• [What is needed]: Set down exactly the lines from the one containing "2009 ABBOCCATO TER SE, LEESBURG, Virginia" through the end of the records below, both included, and nothing else.

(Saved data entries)
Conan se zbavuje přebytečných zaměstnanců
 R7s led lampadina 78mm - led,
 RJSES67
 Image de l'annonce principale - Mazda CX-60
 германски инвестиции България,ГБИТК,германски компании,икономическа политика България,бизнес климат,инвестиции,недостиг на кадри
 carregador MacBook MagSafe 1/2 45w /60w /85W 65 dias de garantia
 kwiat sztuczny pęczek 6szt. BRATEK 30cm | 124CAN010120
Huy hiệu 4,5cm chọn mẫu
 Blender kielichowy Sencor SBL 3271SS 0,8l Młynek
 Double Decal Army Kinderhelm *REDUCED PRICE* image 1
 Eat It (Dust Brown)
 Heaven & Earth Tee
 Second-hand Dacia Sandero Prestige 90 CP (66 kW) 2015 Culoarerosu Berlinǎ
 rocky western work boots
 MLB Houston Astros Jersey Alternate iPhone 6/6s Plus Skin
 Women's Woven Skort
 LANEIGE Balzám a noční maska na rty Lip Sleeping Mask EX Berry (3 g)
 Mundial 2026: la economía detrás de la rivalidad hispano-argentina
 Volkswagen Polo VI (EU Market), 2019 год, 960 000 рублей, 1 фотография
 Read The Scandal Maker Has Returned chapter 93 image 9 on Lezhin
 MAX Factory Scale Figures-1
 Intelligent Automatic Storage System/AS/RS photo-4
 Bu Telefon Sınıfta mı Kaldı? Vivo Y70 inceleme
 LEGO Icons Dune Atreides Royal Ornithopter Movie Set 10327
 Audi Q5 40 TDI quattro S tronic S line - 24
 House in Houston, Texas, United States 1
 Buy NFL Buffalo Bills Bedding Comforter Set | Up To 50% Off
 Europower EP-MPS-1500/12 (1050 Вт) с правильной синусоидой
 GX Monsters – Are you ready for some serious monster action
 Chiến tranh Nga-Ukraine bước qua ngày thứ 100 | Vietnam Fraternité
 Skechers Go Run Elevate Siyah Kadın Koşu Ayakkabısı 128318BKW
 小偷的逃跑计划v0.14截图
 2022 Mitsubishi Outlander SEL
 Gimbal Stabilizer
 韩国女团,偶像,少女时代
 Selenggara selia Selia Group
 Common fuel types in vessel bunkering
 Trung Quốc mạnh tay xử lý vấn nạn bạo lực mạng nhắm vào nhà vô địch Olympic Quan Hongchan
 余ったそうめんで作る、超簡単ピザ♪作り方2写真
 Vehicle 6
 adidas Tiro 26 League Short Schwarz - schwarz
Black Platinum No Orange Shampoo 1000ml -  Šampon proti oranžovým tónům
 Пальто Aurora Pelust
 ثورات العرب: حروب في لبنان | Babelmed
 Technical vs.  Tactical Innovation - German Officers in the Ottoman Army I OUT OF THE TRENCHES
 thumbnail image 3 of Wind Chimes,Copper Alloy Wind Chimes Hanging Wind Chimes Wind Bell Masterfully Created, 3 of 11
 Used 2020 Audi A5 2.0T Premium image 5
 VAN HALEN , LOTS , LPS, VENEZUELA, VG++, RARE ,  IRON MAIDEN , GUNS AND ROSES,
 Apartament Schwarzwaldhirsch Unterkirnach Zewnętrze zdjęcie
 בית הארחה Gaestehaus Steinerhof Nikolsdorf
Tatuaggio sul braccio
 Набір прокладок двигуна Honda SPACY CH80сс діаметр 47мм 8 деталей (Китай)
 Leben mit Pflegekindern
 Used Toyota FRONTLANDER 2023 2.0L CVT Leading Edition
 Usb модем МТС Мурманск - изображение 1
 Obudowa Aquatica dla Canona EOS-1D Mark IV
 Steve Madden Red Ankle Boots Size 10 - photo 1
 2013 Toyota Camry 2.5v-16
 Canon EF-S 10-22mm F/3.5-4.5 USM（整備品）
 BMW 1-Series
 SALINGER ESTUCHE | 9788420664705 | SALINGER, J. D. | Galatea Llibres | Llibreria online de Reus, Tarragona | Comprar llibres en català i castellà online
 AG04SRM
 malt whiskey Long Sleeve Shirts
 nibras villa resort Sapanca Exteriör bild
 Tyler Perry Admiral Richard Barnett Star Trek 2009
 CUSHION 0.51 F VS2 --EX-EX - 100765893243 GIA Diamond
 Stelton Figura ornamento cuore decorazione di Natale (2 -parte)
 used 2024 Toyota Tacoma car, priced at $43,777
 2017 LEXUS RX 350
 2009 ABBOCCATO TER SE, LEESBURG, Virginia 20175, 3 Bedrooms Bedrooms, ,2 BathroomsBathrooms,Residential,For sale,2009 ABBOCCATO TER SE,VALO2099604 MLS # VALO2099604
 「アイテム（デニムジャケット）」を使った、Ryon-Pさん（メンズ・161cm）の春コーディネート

• [Answer box]:
 2009 ABBOCCATO TER SE, LEESBURG, Virginia 20175, 3 Bedrooms Bedrooms, ,2 BathroomsBathrooms,Residential,For sale,2009 ABBOCCATO TER SE,VALO2099604 MLS # VALO2099604
 「アイテム（デニムジャケット）」を使った、Ryon-Pさん（メンズ・161cm）の春コーディネート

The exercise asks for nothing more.